I first encountered Haply in 2020, when I was CTO at ForceN Robotics. I remember trying the first generation of what would become their now world-recognized Inverse3 device.
It was immediately addictive. Not in a gimmicky way — but in the way great tools are. Interacting with a 3D digital world felt intuitive, almost obvious.
Even then, the Haply Leadership team had a clear ambition: solve the bottleneck at the intersection of Physical AI and Spatial Computing. If you can compress the gap between human intuition and machine execution, you don’t get incremental gains — you get a step-function change in robotics productivity.
Six years later, one thing is still true: robots still struggle to manipulate objects.

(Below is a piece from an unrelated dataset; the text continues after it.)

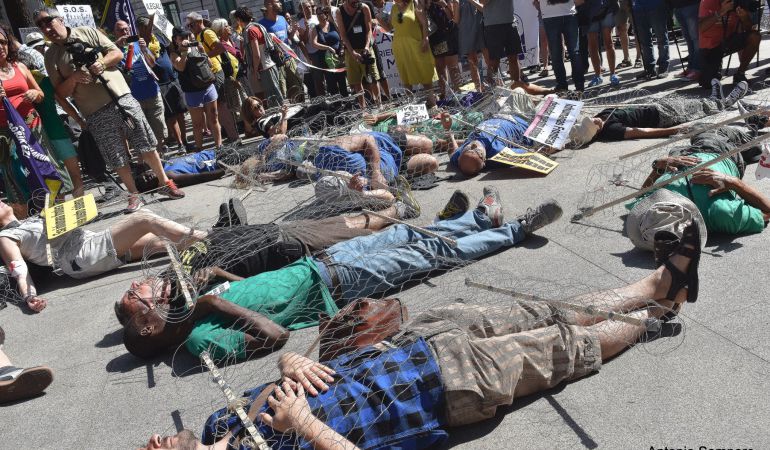 Una cadena humana como acto simbólico delante del Congreso de los Diputados daba el pistoletazo de salida a la Caravana 'Abriendo Fronteras'. Una cadena humana como acto simbólico delante del Congreso de los Diputados daba el pistoletazo de salida a la Caravana 'Abriendo Fronteras'.
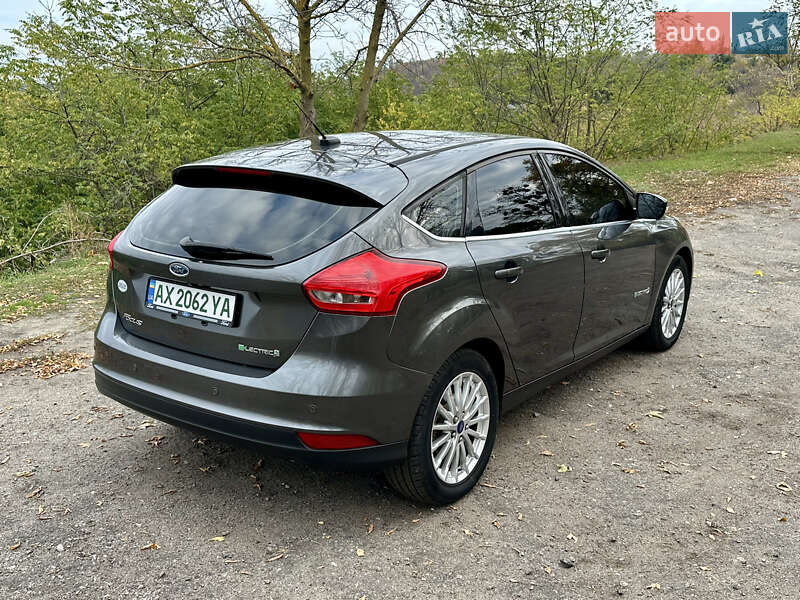 Хетчбек Ford Focus 2015 в Харкові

For humans, grasping, repositioning, adjusting force — these are reflexes. In robotics, this remains one of the core constraints in advancing the field. We’ve made great strides in using videos to learn human motion, capturing how people move and interact with the world. Yet even an average person can see that the motions of robots remain slow and awkward. Teaching robots intuitive control at scale is still unsolved.
Vision can tell a robot where things are, Haply tells a robot how they should feel and move. That’s the reflex layer that transforms manipulation from guesswork into skill. This will allow robots to move with precision and speed - two important aspects of productivity.
Whoever defines this reflex layer will shape the trajectory of physical AI.
Haply has quietly become the leader in three critical areas:
- The standard interface for teaching robots new skills
- The “touch” validation layer for simulated worlds
- The most intuitive bridge between human intent and machine action
Among Tier 1 robotics customers, the consensus is consistent: Haply’s platform is best-in-class in both intuition and scalability.
But technology alone doesn’t build a category.
What has impressed me over the past five years is the team’s deliberate approach to building their platform. World-class robotics platforms require more than elegant hardware and clever software — they require deep customer empathy and the discipline to ship value inside complex systems.
The Haply team understood early that the goal wasn’t to build impressive demos. It was to change behaviour at scale.
There were moments when some skeptics (rightfully) questioned their decision to work across multiple applications instead of narrowing into one vertical. It looked harder. It was harder. But it was intentional.
They chose a platform-first strategy over a task-specific one.
That conviction is now paying off. Years of iteration across customers have resulted in something rare: the most intuitive control and learning layer for digital-physical systems.
The Inverse3x controllers and Miniverse only demonstrate the surface of their capability. Underneath, Haply is building something deeper — closing the loop between sensing, simulation, and real-world action.
In a world dominated by vision-based robotics, Haply is pushing the industry forward by standardizing manipulation not through prompts or Cartesian commands, but through human reflex.
That is why Two Small Fish is proud to back Haply alongside Sound Media Ventures, Amazon, Hanwha, Business Development Bank of Canada, and Hustle Fund.
We believe the reflex layer of robotics will define the next decade of physical AI — and Haply is building it.